GIVEN RECORDS section start

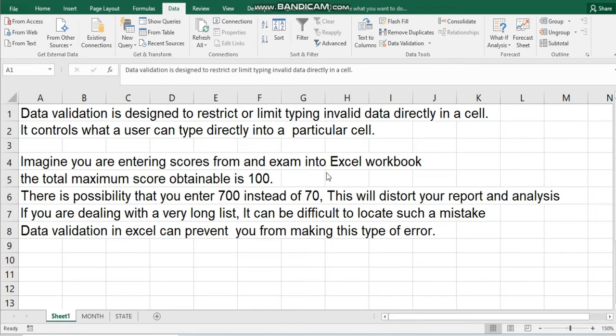Imagine you are entering scores from an exam. In this exam, the maximum score is 100. There is a possibility of typing 700 instead of 70. This will result in faulty result reports and analysis. Assuming you are dealing with a thousand-row list, looking for this kind of error may be time consuming and difficult to discover. Data validation can help you in resolving this kind of error.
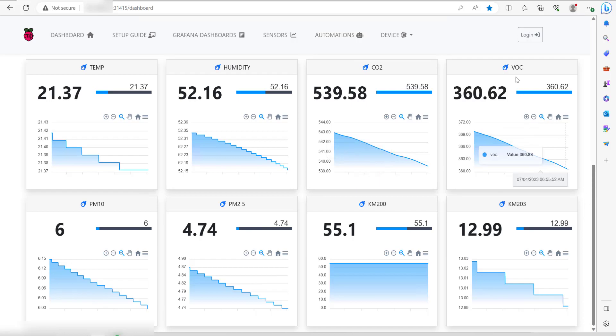If we scroll down a bit on the dashboard, you can see some nice graphs about the data that's been sent about the different types of readings. It looks like the SenseEdge Mini is all connected up to the PiFi network and you're good to go.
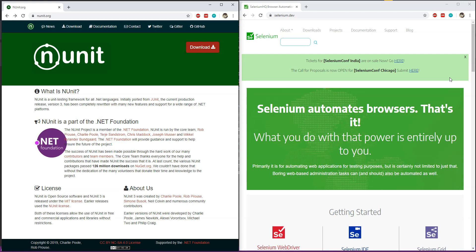I will be detailing several different steps which you will have to follow to set up the project. I will then show you how to open the Chrome browser, navigate to a URL, and then close the Chrome browser window to release the resources. I will be using the C# programming language inside Visual Studio.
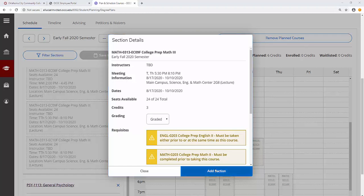Once you have considered all section details, click Add Section to add this section to your schedule.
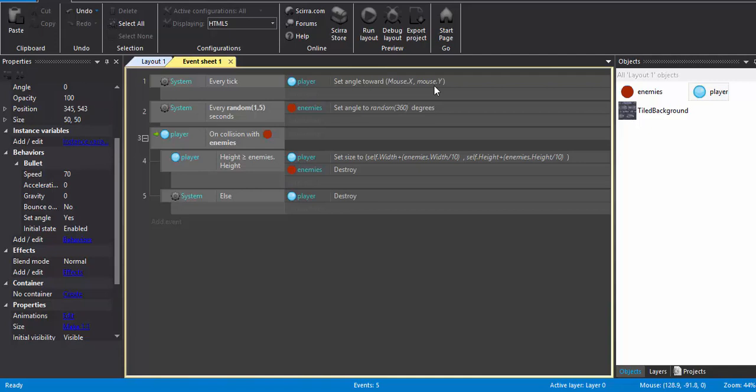Also, at every random one to five seconds, that is from every one through four seconds, the enemy is going to change its angle to random 360 degrees. So basically it can take any angle. What it does is that it will change the direction of the enemy at random interval of time.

GIVEN RECORDS section end

### WHAT YOU WILL DO:
Skipping the pictures, print the lines in the listing above exactly as written, starting at the line with "If we scroll" and ending at the line with "I will be detailing", both included.

### TASK SOLUTION:
If we scroll down a bit on the dashboard, you can see some nice graphs about the data that's been sent about the different types of readings. It looks like the SenseEdge Mini is all connected up to the PiFi network and you're good to go.
I will be detailing several different steps which you will have to follow to set up the project. I will then show you how to open the Chrome browser, navigate to a URL, and then close the Chrome browser window to release the resources. I will be using the C# programming language inside Visual Studio.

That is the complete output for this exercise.